BandNominalRaw empiricalCalibrated empirical
[p10, p90], 5d80%~68%~82%
[p10, p90], 10d80%~68%~80%
[p25, p75], 5d50%~40%~49%

The calibrated bands are what /cohort returns in calibrated_return_pct. The raw bands stay available in return_pct because their medians are unbiased and useful for ranking cohorts against each other.

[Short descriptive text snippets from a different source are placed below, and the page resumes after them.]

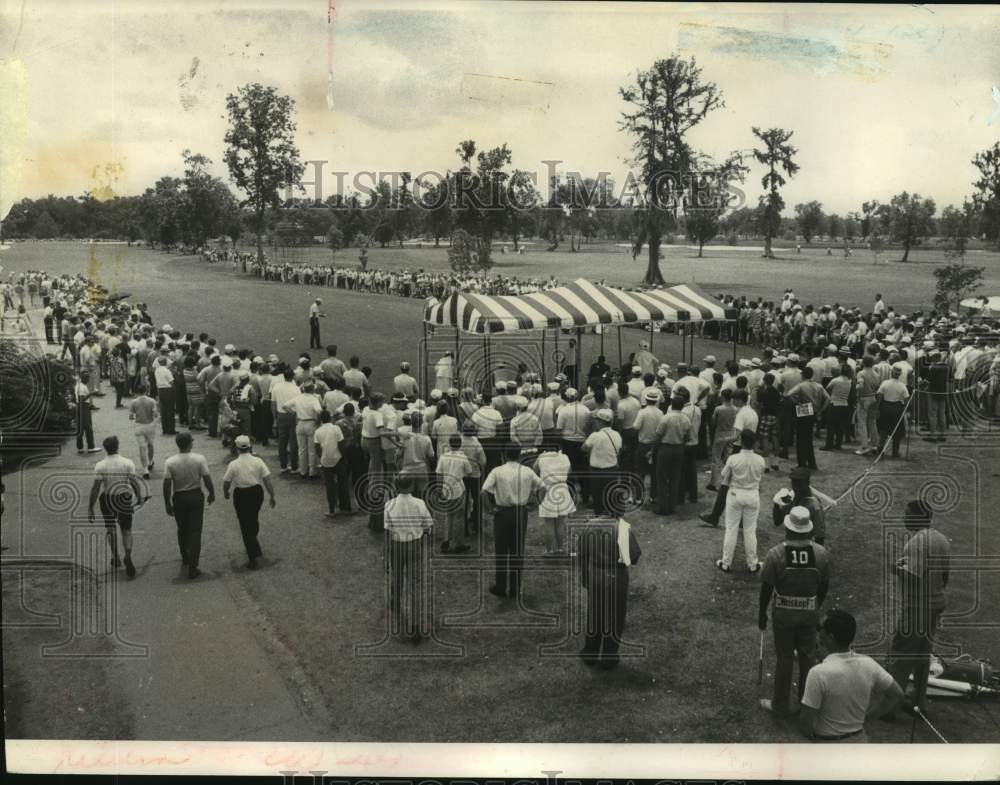 1968 Press Photo Greater New Orleans Open golf fans at the No. 1 tee box- Historic Images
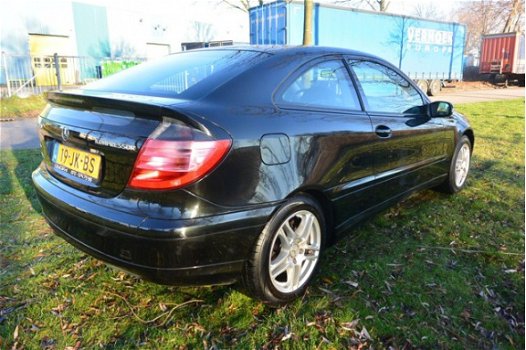 Mercedes-Benz C-klasse Sportcoupé - 200 K. *airco*cruise - 1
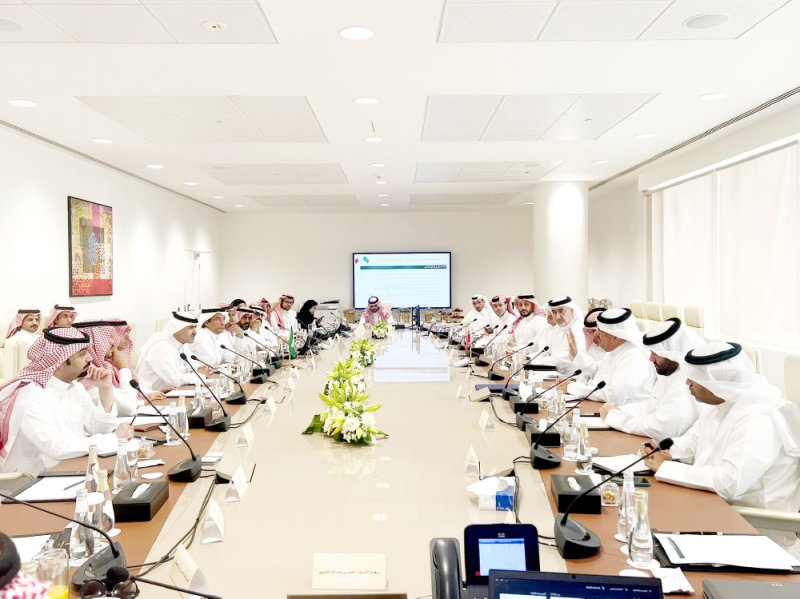 الاطلاع على المبادرات المختلفة وفرص تبادل الخبرات
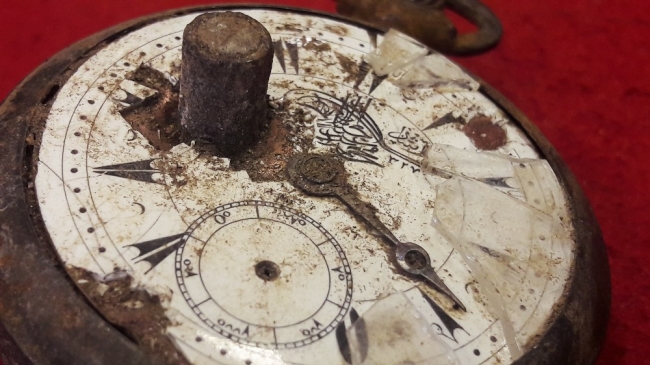 Kurşunu durduran saat müzede sergilenmeyi bekliyor
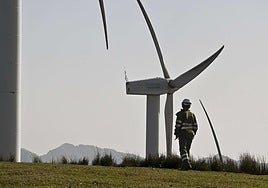 Un técnico supervisa los aerogeneradores del parque eólico de Elguea-Urkilla, entre Álava y Gipuzkoa, el único en marcha en territorio guipuzcoano.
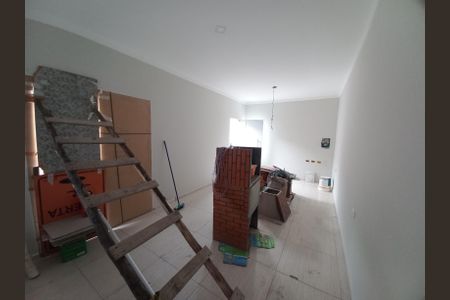 Sala de casa para alugar com 2 quartos, 80m² em Parque Bitaru, São Vicente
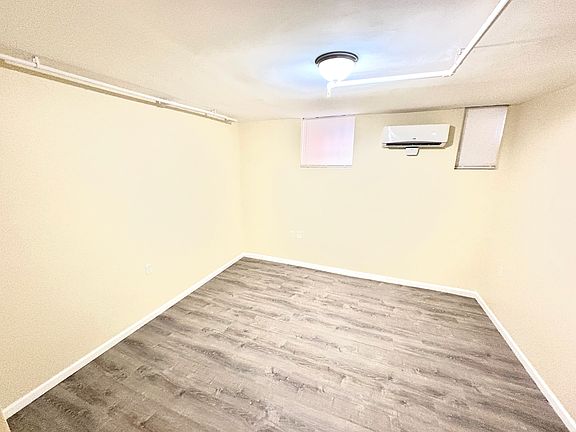 5th image of 133 W Main St Unit 1D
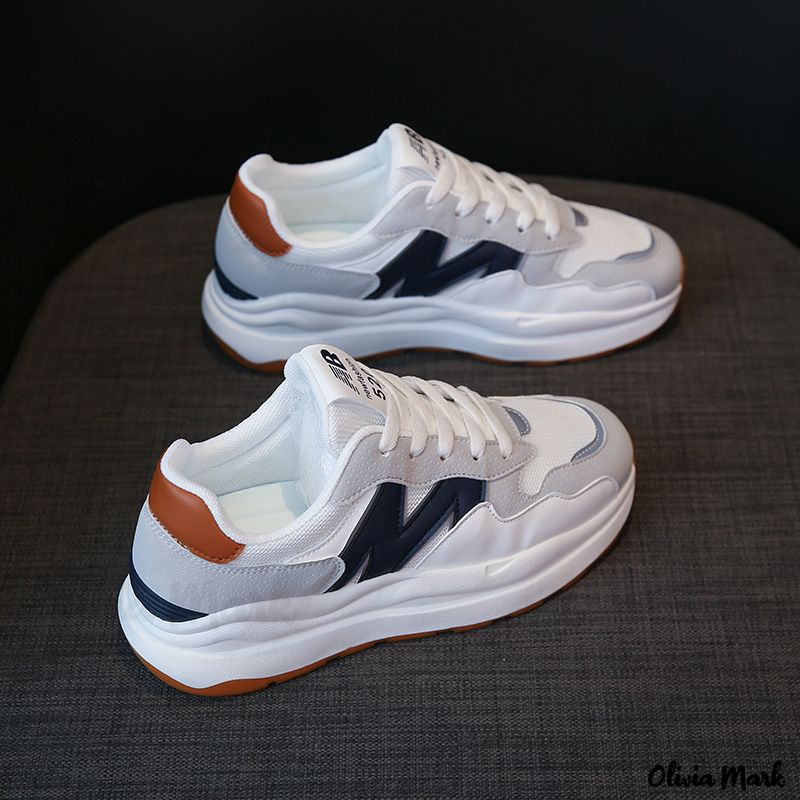 Fashionable sports shoes for maximum comfort in every activity
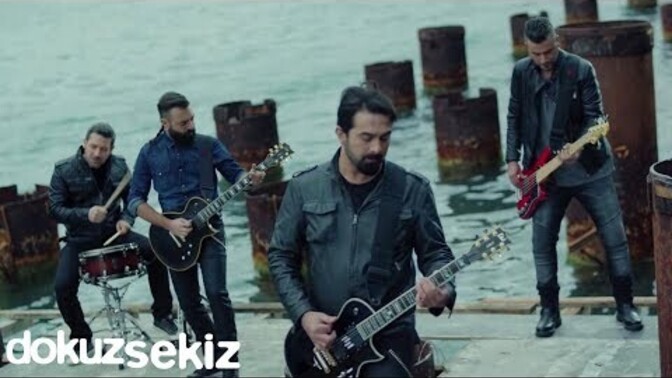 Şu an hangi şarkıyı dinliyorsunuzzz paylaşmak ister misiniz?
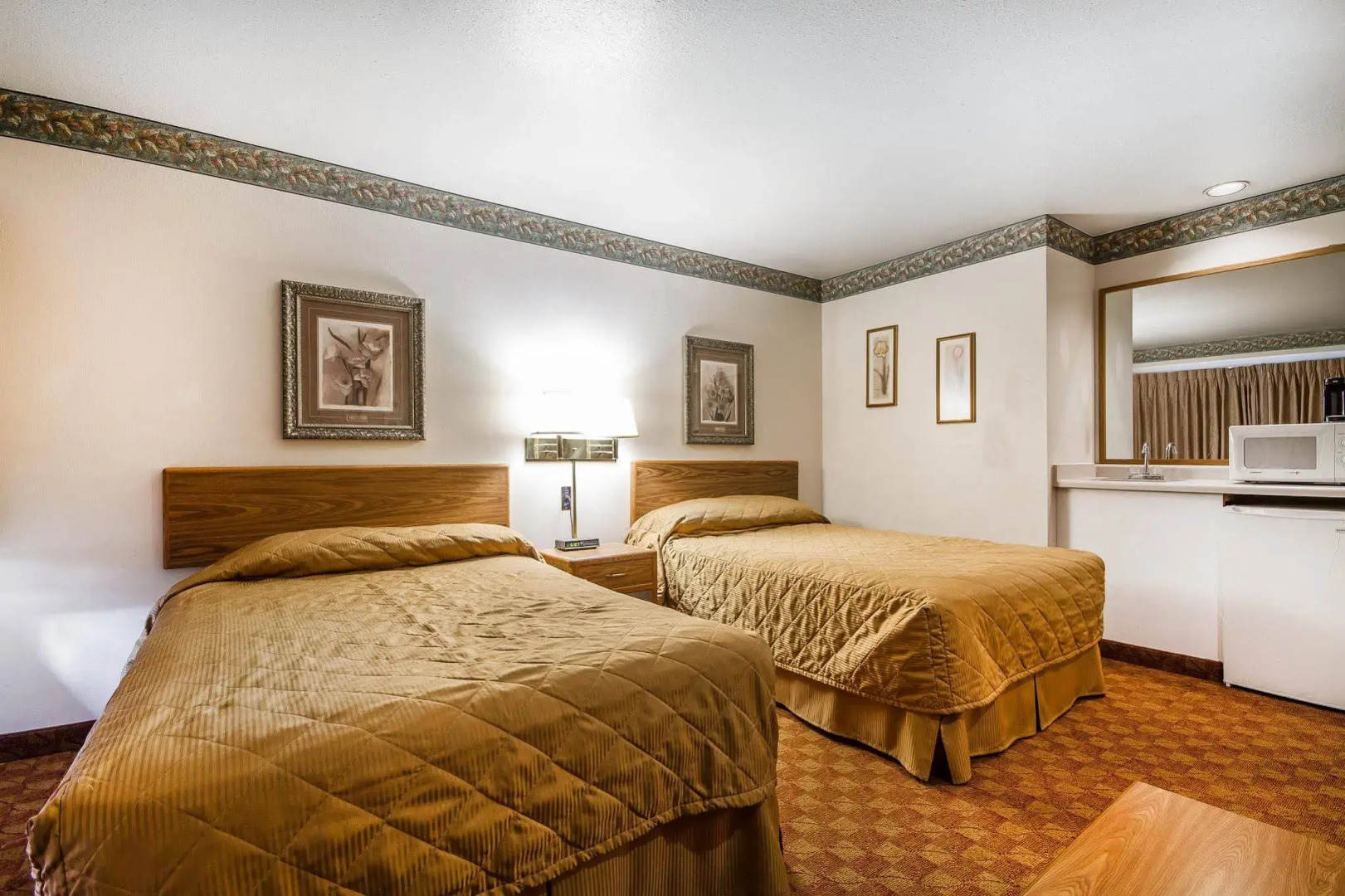 Rodeway Inn & Suites Madison East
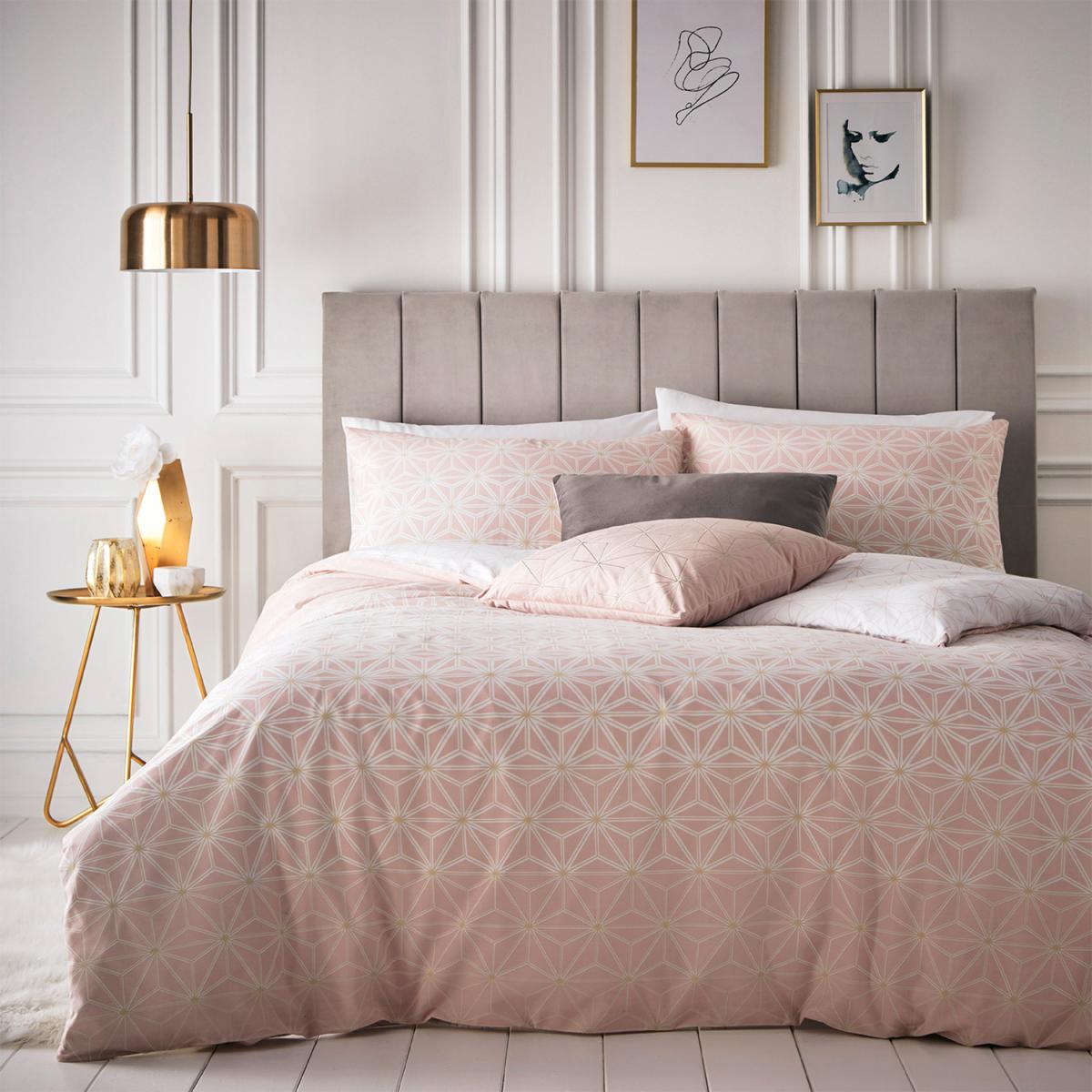 Geometric Starred Duvet Cover Set - King – image 4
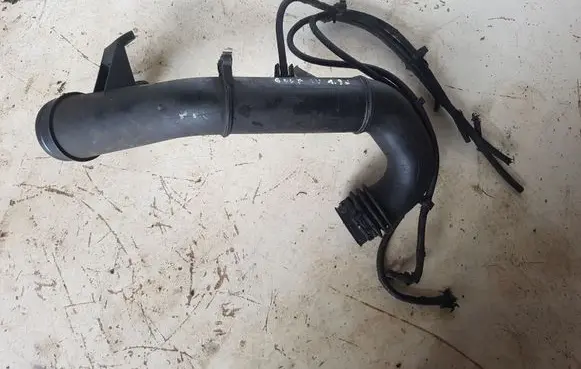 Volkswagen Golf IV Intercooler hose/pipe IJ01296540 446015632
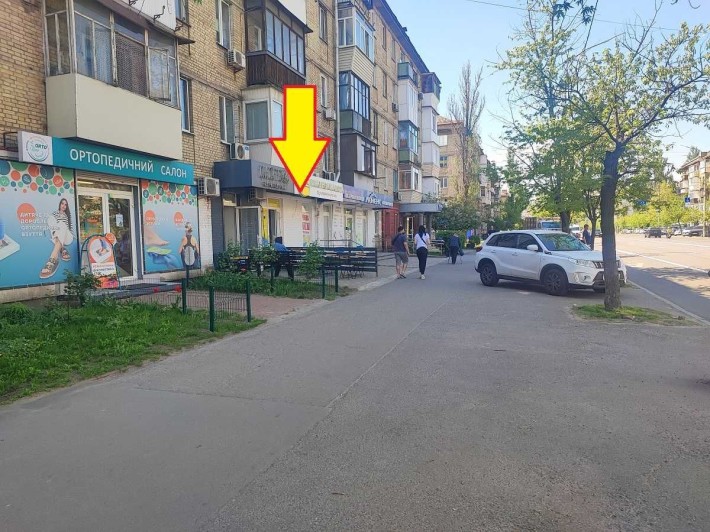 Оренда фасадного приміщення "Дарницька" площа - фото 1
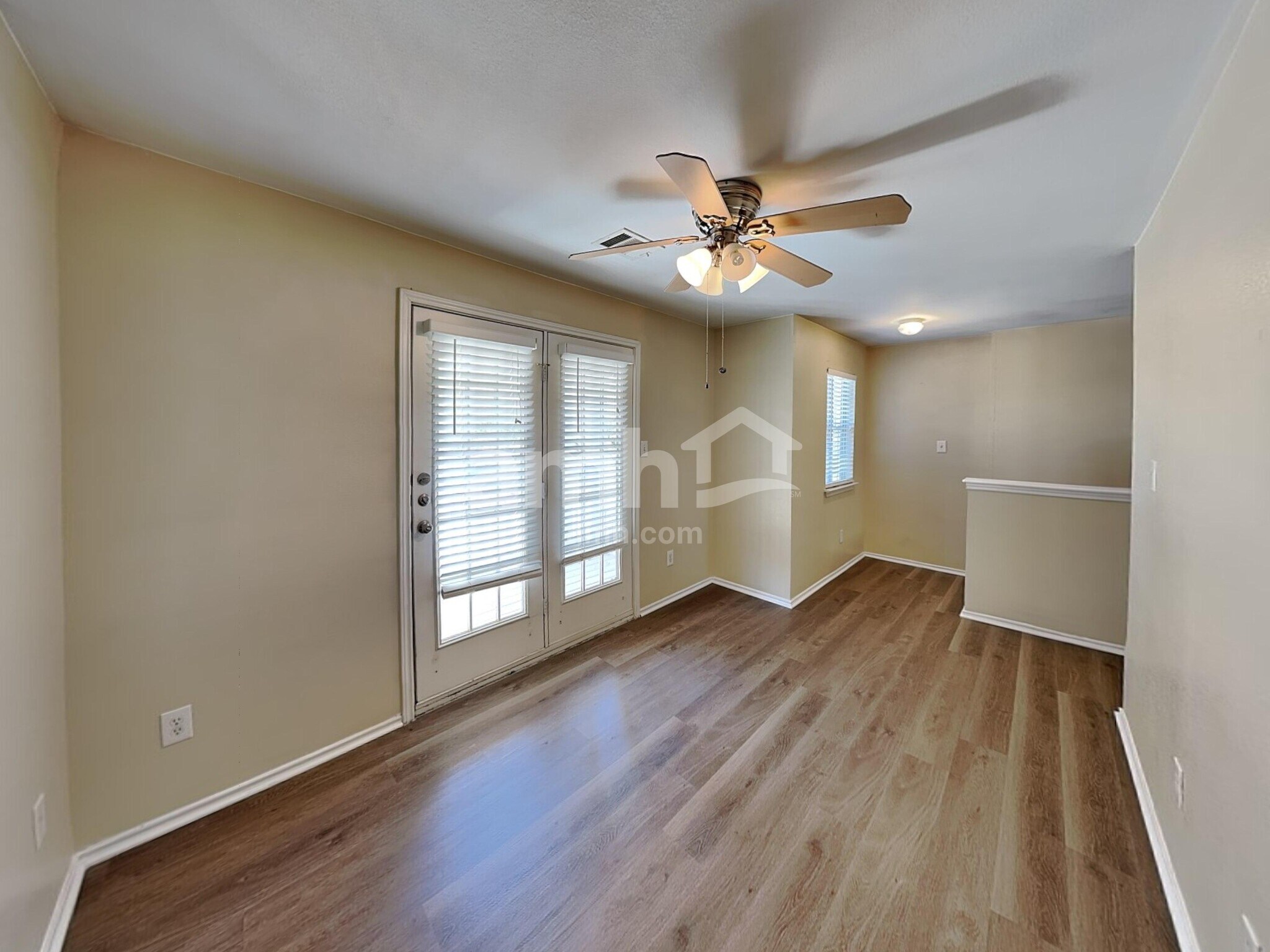 Building Photo - 2844 Deerfern Ln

How an agent should consume this

  • For sizing, stops, or any uncertainty claim: use calibrated_return_pct. That’s the band whose nominal coverage we verified empirically.
  • For ranking cohorts: use raw return_pct. Medians are unbiased and comparable across horizons; shrunk variance doesn’t corrupt relative ordering.
  • For derated confidence: the response’s calibration.coverage_80_validated field is the actual empirical hit-rate on our held-out set. Use it directly if you need stricter coverage than nominal.

Honest limits

  • — Conformal calibration assumes exchangeability. Extreme regime shifts can temporarily break coverage; we refit periodically.
  • — Cohorts with n < 30 are too small for the band to be tight. Treat those as exploration, not signal.
  • — Our calibration set doesn’t cover every tail event — VIX > 60 is under-represented. The band is honest within the training regime.